Reykjavik is hosting the Nordic Music Days 2016, starting tomorrow and running until the first of October with an exciting program with contemporary music touching the fringes of visual arts, with free entry to all its events. The festival is one of the world’s oldest music festivals, founded in 1888. This year it will showcase pioneering contemporary music performances by Nordic composers performed by leading ensembles and soloists from the Nordic region. In addition to the performance and sound art programme, The Nordic Music Days Pavilion will premiere at the festival.

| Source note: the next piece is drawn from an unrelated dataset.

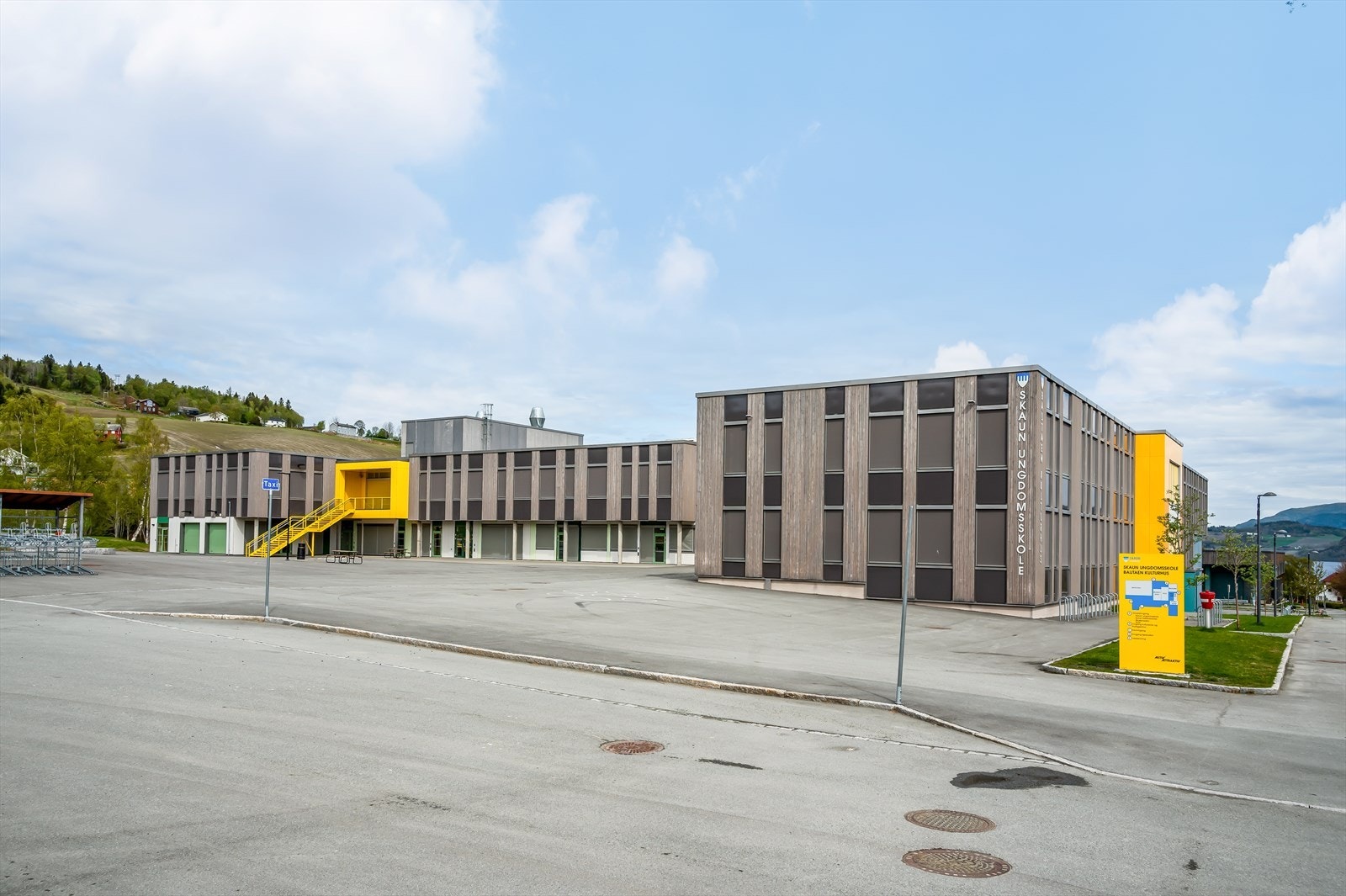 Boligen sogner til Børsa barneskole og Skaun ungdomsskole, som er beliggende i nærheten av hverandre med store friluftsområder. Barneskolen har tilknyttet SFO-ordning. Begge skolene er lokalisert i Børsa sentrum og har enkel tilgang med bil og buss. Galleribilde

The NMD Pavilion serves as a platform for experiments, research, critical discussions, lectures, panels and workshops. With INTEGRATION as the key word, the pavilion will tackle topics such as archiving in experimental music, gender equality in the contemporary music scene, culture politics within the Nordic countries and the integration and modernization of the West Nordic countries.

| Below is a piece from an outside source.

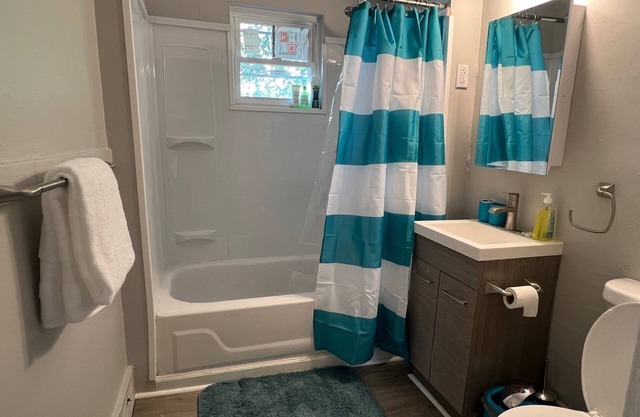 2 Bedroom, Efficiency Apartment Near Bus Stop And Trolley Line Near Downtown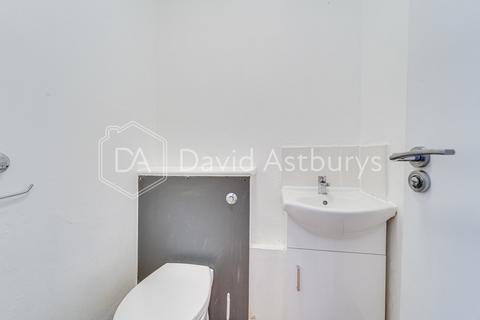 3 bedroom apartment to rent, Mowatt Close, Archway, London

The festival will take place at Harpa Reykjavik Concert Hall and Conference Centre. Harpa is designed by Olafur Eliasson, Henning Larsen Architects and Batteríið Architects. Harpa has won multiple awards for architecture including Mies van der Rohe in 2013, Best public space – Arkitekturmassan Awards 2012, World Architecture Award 2010.
The Iceland Symphony Orchestra will perform in the magnificent Eldborg Concert Hall. Eldborg has been designed as a world-class concert hall, with state-of-the-art acoustic technology that can be adjusted to performances, conferences and lectures of all kinds. The hall’s design features make Eldborg a truly adaptable modern venue that can accommodate up to 1.800 guests at one time.
Featured image shows Marcela Lucatelli performing Screen to screen, skin to skin at the Nordic Music Days 2015 in Copenhagen.